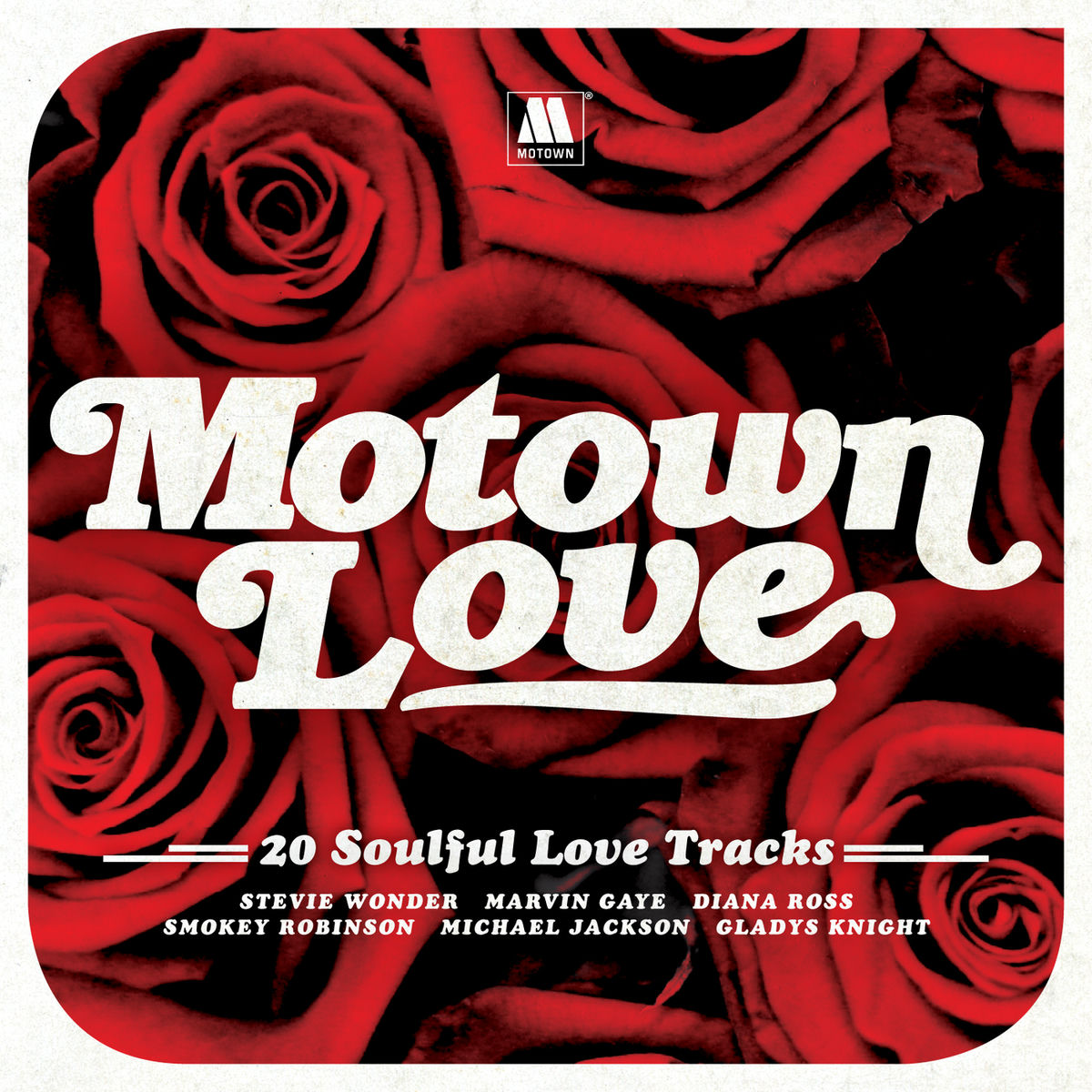 Motown Love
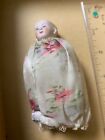 Antique Bisque Baby Doll  Wire Jointed Beauty  3 Inch Size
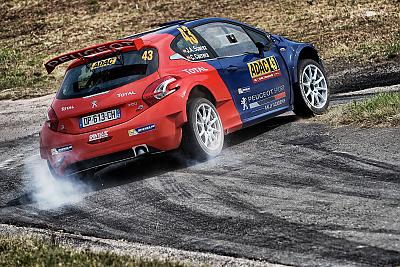 58a1369c592a9 by Fabien in La Peugeot 208 T 16 - R5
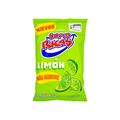 Papas Super Ricas Limón "Más Aciditas" 105g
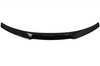 SPOILER BMW F32 LOOK M4 14-  ABS GLOSSY BLACK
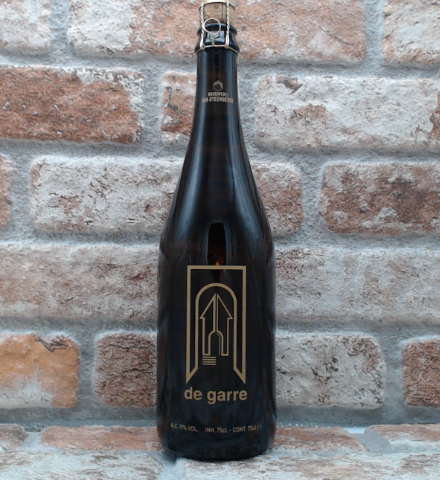 Brouwerij Van Steenberghe De Garre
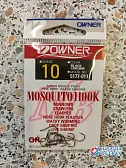 Крючки OWNER 5177 Mosquito Hook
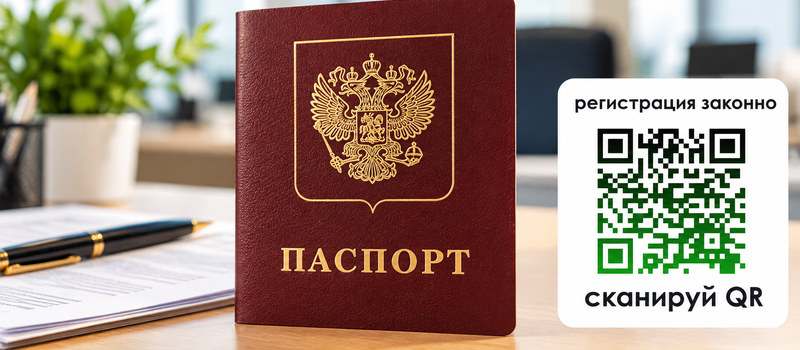 регистрация в Канске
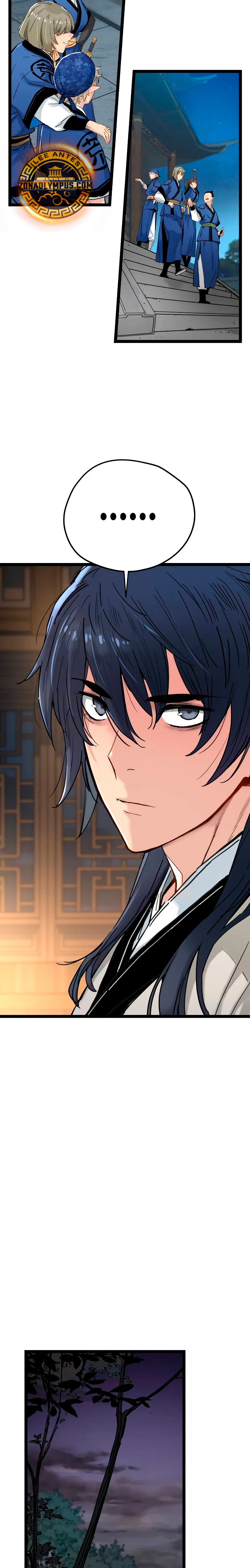 Sobreviviendo como un genio con tiempo prestado Capítulo 11 - Page 24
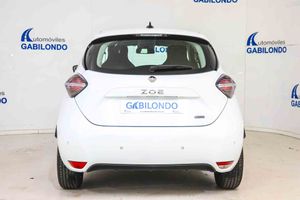 Renault Zoe Business 80 kW R110 Batería 50kWh - Foto 4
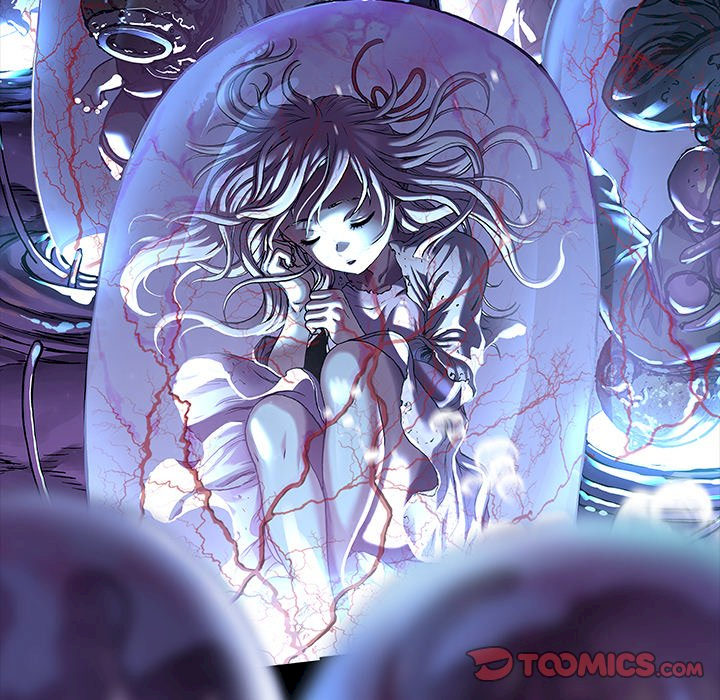 Leviathan Chapter 110 - Page 46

************

YOUR ASSIGNMENT
From the line that contains "регистрация в Канске" to the end of the listing, give every line again exactly as written. Leave the pictures out.

REPLY TO THE TASK
 регистрация в Канске
 Sobreviviendo como un genio con tiempo prestado Capítulo 11 - Page 24
 Renault Zoe Business 80 kW R110 Batería 50kWh - Foto 4
 Leviathan Chapter 110 - Page 46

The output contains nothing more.